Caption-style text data
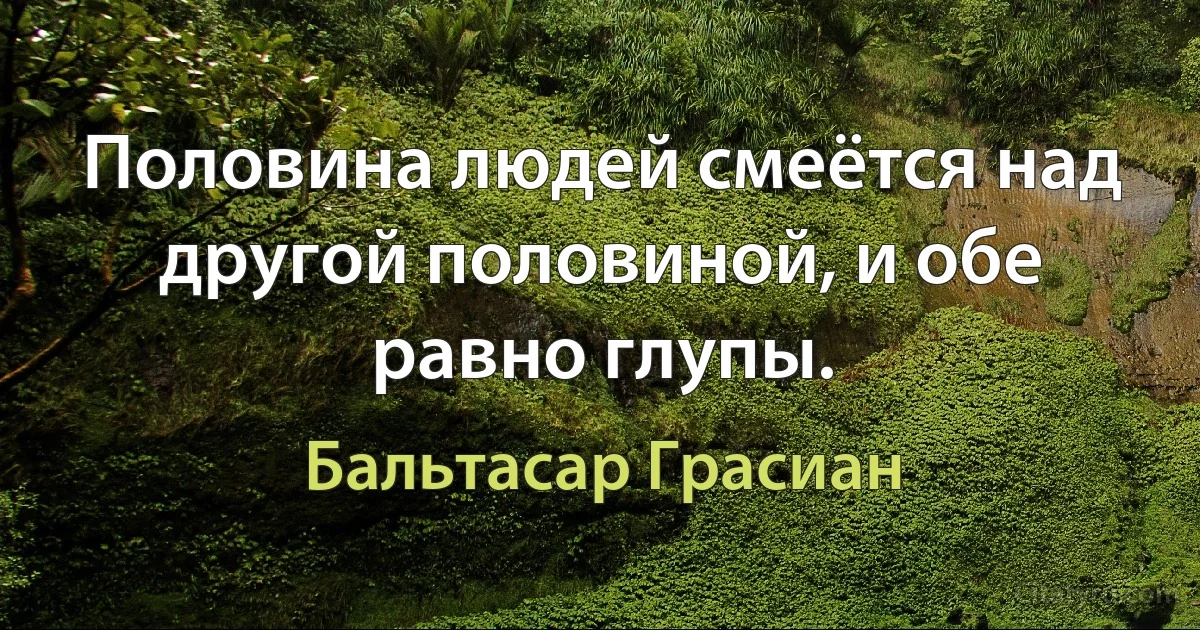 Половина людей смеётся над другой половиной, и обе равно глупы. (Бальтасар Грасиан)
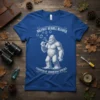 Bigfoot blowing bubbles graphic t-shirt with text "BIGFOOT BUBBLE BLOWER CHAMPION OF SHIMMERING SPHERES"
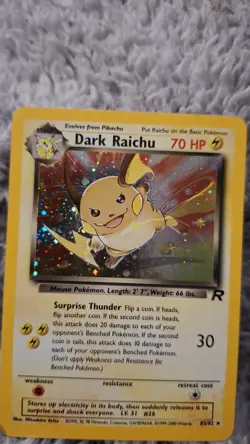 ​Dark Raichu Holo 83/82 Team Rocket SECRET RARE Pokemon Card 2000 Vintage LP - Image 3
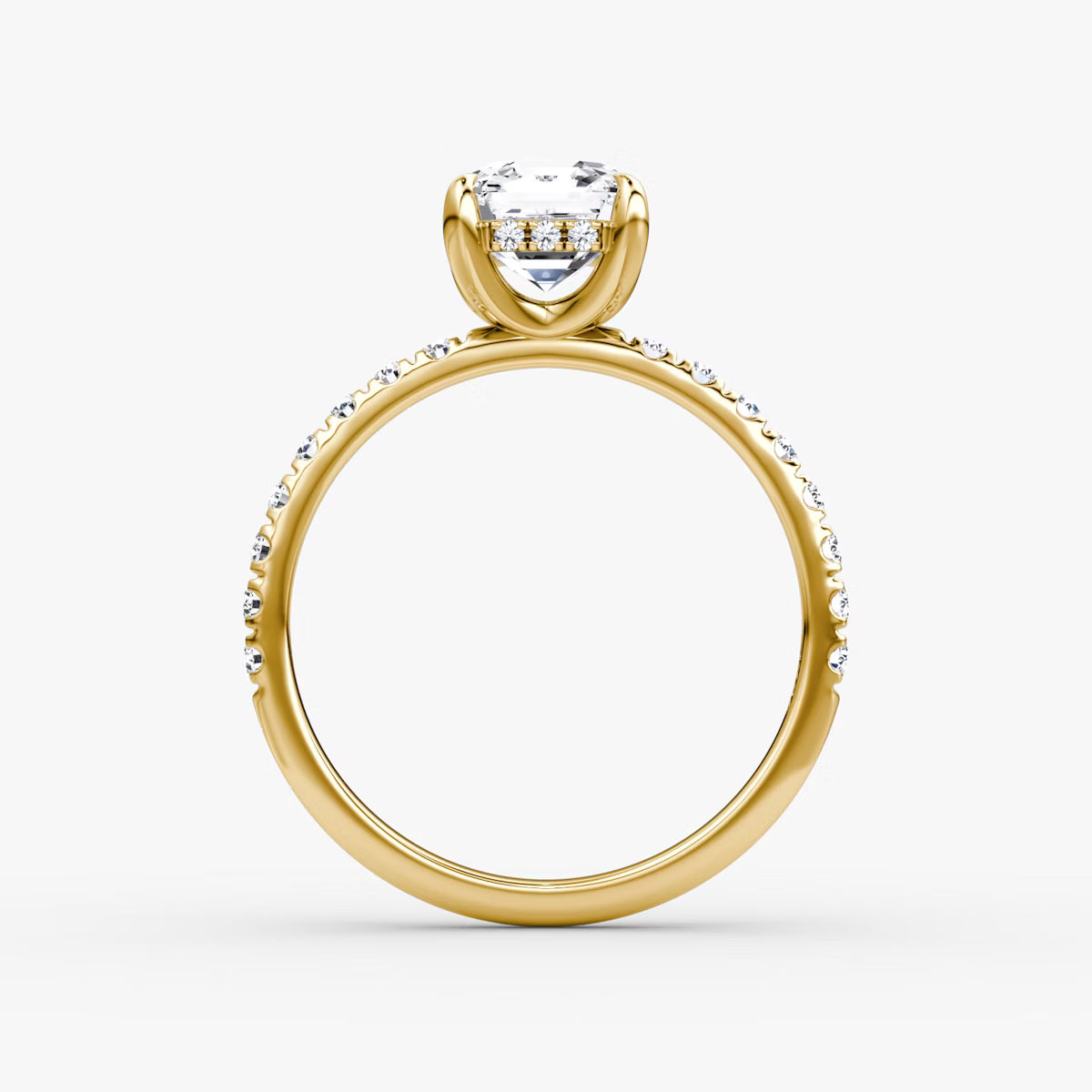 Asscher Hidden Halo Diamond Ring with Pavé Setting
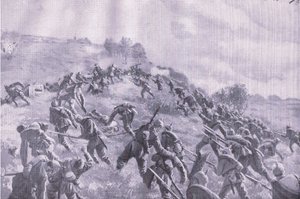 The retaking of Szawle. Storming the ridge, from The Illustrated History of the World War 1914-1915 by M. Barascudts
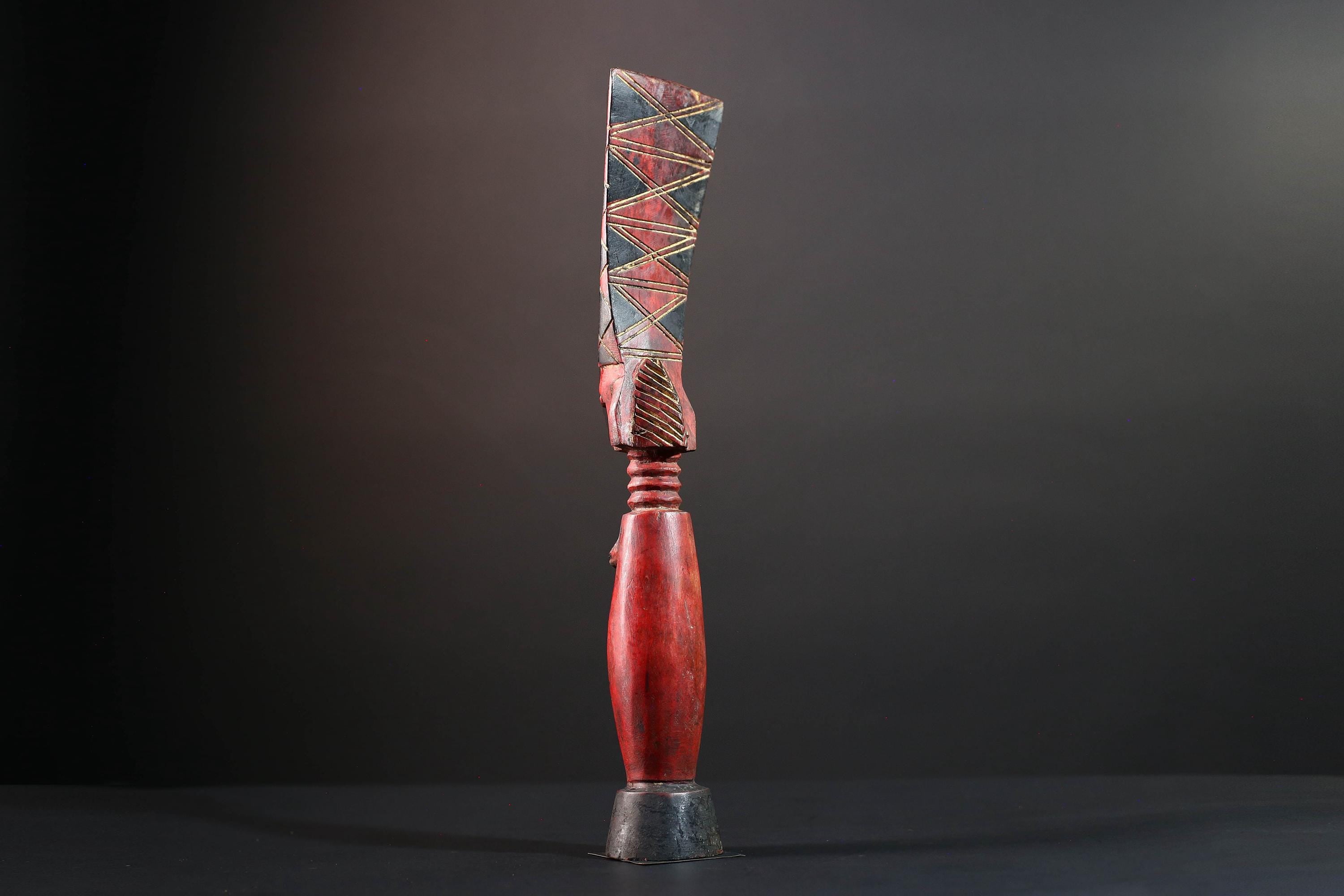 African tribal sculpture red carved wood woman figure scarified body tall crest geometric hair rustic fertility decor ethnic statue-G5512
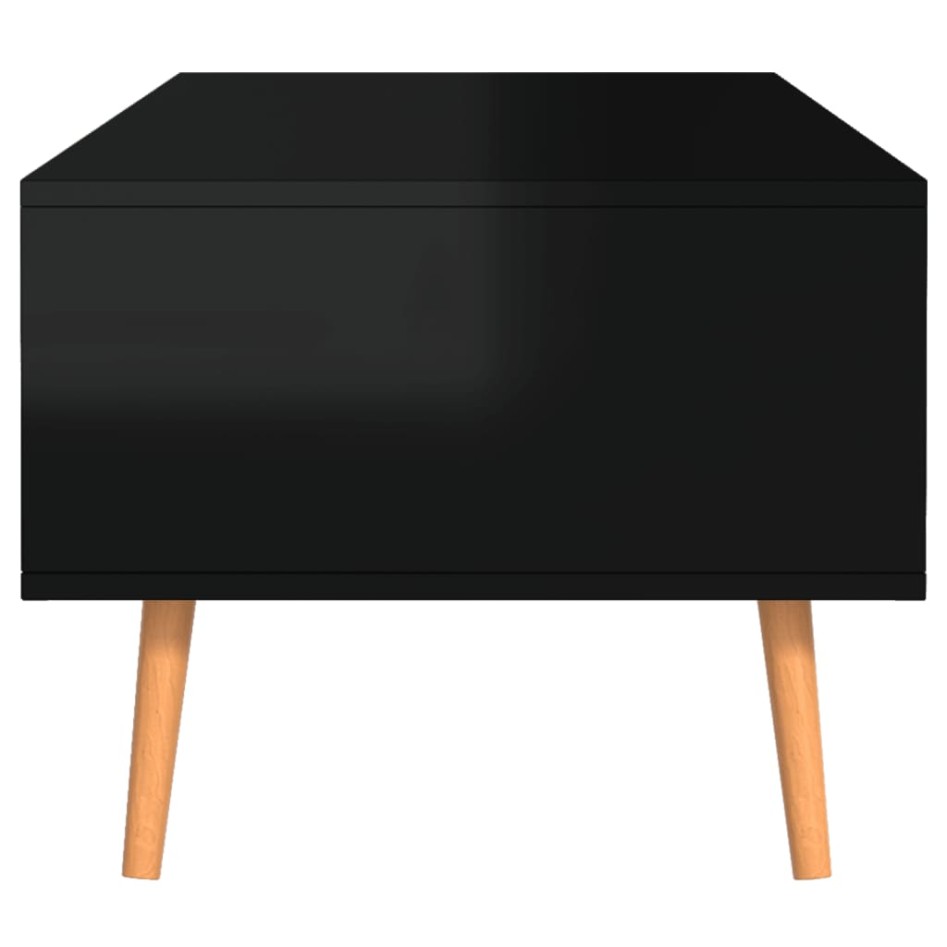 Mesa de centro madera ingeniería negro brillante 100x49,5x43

TO DO: All lines from the one bearing "Asscher Hidden Halo" through the last line of the records, and only those, should be duplicated exactly; no picture belongs in the copy.

RESPONSE TO THE TASK:
 Asscher Hidden Halo Diamond Ring with Pavé Setting
 The retaking of Szawle. Storming the ridge, from The Illustrated History of the World War 1914-1915 by M. Barascudts
 African tribal sculpture red carved wood woman figure scarified body tall crest geometric hair rustic fertility decor ethnic statue-G5512
 Mesa de centro madera ingeniería negro brillante 100x49,5x43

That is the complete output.